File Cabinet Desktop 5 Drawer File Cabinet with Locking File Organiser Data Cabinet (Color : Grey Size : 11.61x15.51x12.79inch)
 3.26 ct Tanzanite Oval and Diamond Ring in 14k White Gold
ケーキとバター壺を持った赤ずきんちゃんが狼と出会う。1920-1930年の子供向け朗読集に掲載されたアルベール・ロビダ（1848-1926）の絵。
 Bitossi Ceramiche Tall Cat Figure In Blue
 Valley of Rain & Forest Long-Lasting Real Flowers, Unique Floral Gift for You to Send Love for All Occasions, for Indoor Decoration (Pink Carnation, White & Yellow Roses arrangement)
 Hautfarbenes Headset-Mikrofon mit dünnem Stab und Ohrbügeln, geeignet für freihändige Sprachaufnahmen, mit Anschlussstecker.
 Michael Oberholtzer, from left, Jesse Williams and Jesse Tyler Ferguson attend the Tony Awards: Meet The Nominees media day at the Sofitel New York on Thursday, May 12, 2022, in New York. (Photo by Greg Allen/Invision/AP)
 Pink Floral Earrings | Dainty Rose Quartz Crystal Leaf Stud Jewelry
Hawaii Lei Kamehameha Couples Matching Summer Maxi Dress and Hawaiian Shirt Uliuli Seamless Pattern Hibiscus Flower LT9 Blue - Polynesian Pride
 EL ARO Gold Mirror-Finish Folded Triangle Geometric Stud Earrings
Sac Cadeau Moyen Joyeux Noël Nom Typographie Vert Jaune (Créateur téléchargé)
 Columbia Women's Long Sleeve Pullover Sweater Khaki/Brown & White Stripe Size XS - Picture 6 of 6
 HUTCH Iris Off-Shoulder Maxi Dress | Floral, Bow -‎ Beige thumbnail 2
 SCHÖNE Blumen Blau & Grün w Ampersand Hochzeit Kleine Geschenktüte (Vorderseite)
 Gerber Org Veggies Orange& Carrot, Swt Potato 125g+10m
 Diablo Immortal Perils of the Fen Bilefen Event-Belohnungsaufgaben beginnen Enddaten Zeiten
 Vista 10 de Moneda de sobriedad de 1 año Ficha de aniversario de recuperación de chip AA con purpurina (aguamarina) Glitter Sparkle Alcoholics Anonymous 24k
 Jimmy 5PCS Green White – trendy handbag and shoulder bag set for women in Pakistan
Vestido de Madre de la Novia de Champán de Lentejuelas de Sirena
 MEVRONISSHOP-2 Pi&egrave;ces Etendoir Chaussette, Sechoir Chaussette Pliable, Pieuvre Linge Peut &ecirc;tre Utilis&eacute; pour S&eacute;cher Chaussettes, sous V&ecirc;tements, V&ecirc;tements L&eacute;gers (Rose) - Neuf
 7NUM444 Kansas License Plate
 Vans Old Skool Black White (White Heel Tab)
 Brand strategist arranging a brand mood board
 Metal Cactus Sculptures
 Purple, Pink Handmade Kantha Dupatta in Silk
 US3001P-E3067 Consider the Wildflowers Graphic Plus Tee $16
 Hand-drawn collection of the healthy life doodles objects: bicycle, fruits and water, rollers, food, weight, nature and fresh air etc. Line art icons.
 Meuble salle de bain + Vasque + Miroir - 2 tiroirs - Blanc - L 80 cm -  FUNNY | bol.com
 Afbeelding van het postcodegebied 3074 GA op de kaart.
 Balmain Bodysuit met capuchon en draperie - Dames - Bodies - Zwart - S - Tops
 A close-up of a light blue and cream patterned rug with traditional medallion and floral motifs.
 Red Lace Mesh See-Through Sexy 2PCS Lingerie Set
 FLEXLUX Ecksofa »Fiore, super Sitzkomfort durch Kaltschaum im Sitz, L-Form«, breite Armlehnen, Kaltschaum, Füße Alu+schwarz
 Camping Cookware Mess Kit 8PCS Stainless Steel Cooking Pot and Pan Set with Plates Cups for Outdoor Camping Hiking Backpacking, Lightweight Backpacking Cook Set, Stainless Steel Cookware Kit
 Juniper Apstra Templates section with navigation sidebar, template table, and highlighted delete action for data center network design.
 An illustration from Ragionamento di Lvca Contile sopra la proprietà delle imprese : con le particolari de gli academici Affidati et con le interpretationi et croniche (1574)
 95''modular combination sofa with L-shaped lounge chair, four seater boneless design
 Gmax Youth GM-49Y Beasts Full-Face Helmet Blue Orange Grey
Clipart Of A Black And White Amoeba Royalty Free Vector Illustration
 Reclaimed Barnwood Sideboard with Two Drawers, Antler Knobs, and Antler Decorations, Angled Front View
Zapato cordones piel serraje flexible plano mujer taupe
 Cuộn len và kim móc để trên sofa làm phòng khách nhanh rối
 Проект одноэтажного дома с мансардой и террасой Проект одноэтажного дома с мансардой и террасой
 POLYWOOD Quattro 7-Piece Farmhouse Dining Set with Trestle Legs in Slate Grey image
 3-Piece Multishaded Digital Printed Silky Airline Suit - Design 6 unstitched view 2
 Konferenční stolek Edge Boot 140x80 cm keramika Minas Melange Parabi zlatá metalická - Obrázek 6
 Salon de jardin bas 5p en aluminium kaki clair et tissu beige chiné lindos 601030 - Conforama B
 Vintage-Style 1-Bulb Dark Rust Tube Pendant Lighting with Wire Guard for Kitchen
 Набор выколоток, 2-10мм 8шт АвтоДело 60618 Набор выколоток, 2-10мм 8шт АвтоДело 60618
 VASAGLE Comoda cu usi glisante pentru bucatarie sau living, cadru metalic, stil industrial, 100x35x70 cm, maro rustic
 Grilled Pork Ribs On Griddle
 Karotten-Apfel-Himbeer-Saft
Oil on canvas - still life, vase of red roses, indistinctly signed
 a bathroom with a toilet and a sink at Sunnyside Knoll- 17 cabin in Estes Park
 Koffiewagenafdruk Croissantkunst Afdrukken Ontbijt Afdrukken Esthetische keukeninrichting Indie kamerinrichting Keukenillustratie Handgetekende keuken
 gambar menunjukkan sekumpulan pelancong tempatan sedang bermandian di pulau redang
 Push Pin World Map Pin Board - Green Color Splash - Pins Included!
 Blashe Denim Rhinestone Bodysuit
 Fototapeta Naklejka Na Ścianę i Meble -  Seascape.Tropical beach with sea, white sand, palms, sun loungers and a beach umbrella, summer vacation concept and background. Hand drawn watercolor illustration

◆ **GOAL OF THE EXERCISE**: Reproduce the material precisely, including every line.

◆ **RESPONSE TO THE TASK**:
File Cabinet Desktop 5 Drawer File Cabinet with Locking File Organiser Data Cabinet (Color : Grey Size : 11.61x15.51x12.79inch)
 3.26 ct Tanzanite Oval and Diamond Ring in 14k White Gold
ケーキとバター壺を持った赤ずきんちゃんが狼と出会う。1920-1930年の子供向け朗読集に掲載されたアルベール・ロビダ（1848-1926）の絵。
 Bitossi Ceramiche Tall Cat Figure In Blue
 Valley of Rain & Forest Long-Lasting Real Flowers, Unique Floral Gift for You to Send Love for All Occasions, for Indoor Decoration (Pink Carnation, White & Yellow Roses arrangement)
 Hautfarbenes Headset-Mikrofon mit dünnem Stab und Ohrbügeln, geeignet für freihändige Sprachaufnahmen, mit Anschlussstecker.
 Michael Oberholtzer, from left, Jesse Williams and Jesse Tyler Ferguson attend the Tony Awards: Meet The Nominees media day at the Sofitel New York on Thursday, May 12, 2022, in New York. (Photo by Greg Allen/Invision/AP)
 Pink Floral Earrings | Dainty Rose Quartz Crystal Leaf Stud Jewelry
Hawaii Lei Kamehameha Couples Matching Summer Maxi Dress and Hawaiian Shirt Uliuli Seamless Pattern Hibiscus Flower LT9 Blue - Polynesian Pride
 EL ARO Gold Mirror-Finish Folded Triangle Geometric Stud Earrings
Sac Cadeau Moyen Joyeux Noël Nom Typographie Vert Jaune (Créateur téléchargé)
 Columbia Women's Long Sleeve Pullover Sweater Khaki/Brown & White Stripe Size XS - Picture 6 of 6
 HUTCH Iris Off-Shoulder Maxi Dress | Floral, Bow -‎ Beige thumbnail 2
 SCHÖNE Blumen Blau & Grün w Ampersand Hochzeit Kleine Geschenktüte (Vorderseite)
 Gerber Org Veggies Orange& Carrot, Swt Potato 125g+10m
 Diablo Immortal Perils of the Fen Bilefen Event-Belohnungsaufgaben beginnen Enddaten Zeiten
 Vista 10 de Moneda de sobriedad de 1 año Ficha de aniversario de recuperación de chip AA con purpurina (aguamarina) Glitter Sparkle Alcoholics Anonymous 24k
 Jimmy 5PCS Green White – trendy handbag and shoulder bag set for women in Pakistan
Vestido de Madre de la Novia de Champán de Lentejuelas de Sirena
 MEVRONISSHOP-2 Pi&egrave;ces Etendoir Chaussette, Sechoir Chaussette Pliable, Pieuvre Linge Peut &ecirc;tre Utilis&eacute; pour S&eacute;cher Chaussettes, sous V&ecirc;tements, V&ecirc;tements L&eacute;gers (Rose) - Neuf
 7NUM444 Kansas License Plate
 Vans Old Skool Black White (White Heel Tab)
 Brand strategist arranging a brand mood board
 Metal Cactus Sculptures
 Purple, Pink Handmade Kantha Dupatta in Silk
 US3001P-E3067 Consider the Wildflowers Graphic Plus Tee $16
 Hand-drawn collection of the healthy life doodles objects: bicycle, fruits and water, rollers, food, weight, nature and fresh air etc. Line art icons.
 Meuble salle de bain + Vasque + Miroir - 2 tiroirs - Blanc - L 80 cm -  FUNNY | bol.com
 Afbeelding van het postcodegebied 3074 GA op de kaart.
 Balmain Bodysuit met capuchon en draperie - Dames - Bodies - Zwart - S - Tops
 A close-up of a light blue and cream patterned rug with traditional medallion and floral motifs.
 Red Lace Mesh See-Through Sexy 2PCS Lingerie Set
 FLEXLUX Ecksofa »Fiore, super Sitzkomfort durch Kaltschaum im Sitz, L-Form«, breite Armlehnen, Kaltschaum, Füße Alu+schwarz
 Camping Cookware Mess Kit 8PCS Stainless Steel Cooking Pot and Pan Set with Plates Cups for Outdoor Camping Hiking Backpacking, Lightweight Backpacking Cook Set, Stainless Steel Cookware Kit
 Juniper Apstra Templates section with navigation sidebar, template table, and highlighted delete action for data center network design.
 An illustration from Ragionamento di Lvca Contile sopra la proprietà delle imprese : con le particolari de gli academici Affidati et con le interpretationi et croniche (1574)
 95''modular combination sofa with L-shaped lounge chair, four seater boneless design
 Gmax Youth GM-49Y Beasts Full-Face Helmet Blue Orange Grey
Clipart Of A Black And White Amoeba Royalty Free Vector Illustration
 Reclaimed Barnwood Sideboard with Two Drawers, Antler Knobs, and Antler Decorations, Angled Front View
Zapato cordones piel serraje flexible plano mujer taupe
 Cuộn len và kim móc để trên sofa làm phòng khách nhanh rối
 Проект одноэтажного дома с мансардой и террасой Проект одноэтажного дома с мансардой и террасой
 POLYWOOD Quattro 7-Piece Farmhouse Dining Set with Trestle Legs in Slate Grey image
 3-Piece Multishaded Digital Printed Silky Airline Suit - Design 6 unstitched view 2
 Konferenční stolek Edge Boot 140x80 cm keramika Minas Melange Parabi zlatá metalická - Obrázek 6
 Salon de jardin bas 5p en aluminium kaki clair et tissu beige chiné lindos 601030 - Conforama B
 Vintage-Style 1-Bulb Dark Rust Tube Pendant Lighting with Wire Guard for Kitchen
 Набор выколоток, 2-10мм 8шт АвтоДело 60618 Набор выколоток, 2-10мм 8шт АвтоДело 60618
 VASAGLE Comoda cu usi glisante pentru bucatarie sau living, cadru metalic, stil industrial, 100x35x70 cm, maro rustic
 Grilled Pork Ribs On Griddle
 Karotten-Apfel-Himbeer-Saft
Oil on canvas - still life, vase of red roses, indistinctly signed
 a bathroom with a toilet and a sink at Sunnyside Knoll- 17 cabin in Estes Park
 Koffiewagenafdruk Croissantkunst Afdrukken Ontbijt Afdrukken Esthetische keukeninrichting Indie kamerinrichting Keukenillustratie Handgetekende keuken
 gambar menunjukkan sekumpulan pelancong tempatan sedang bermandian di pulau redang
 Push Pin World Map Pin Board - Green Color Splash - Pins Included!
 Blashe Denim Rhinestone Bodysuit
 Fototapeta Naklejka Na Ścianę i Meble -  Seascape.Tropical beach with sea, white sand, palms, sun loungers and a beach umbrella, summer vacation concept and background. Hand drawn watercolor illustration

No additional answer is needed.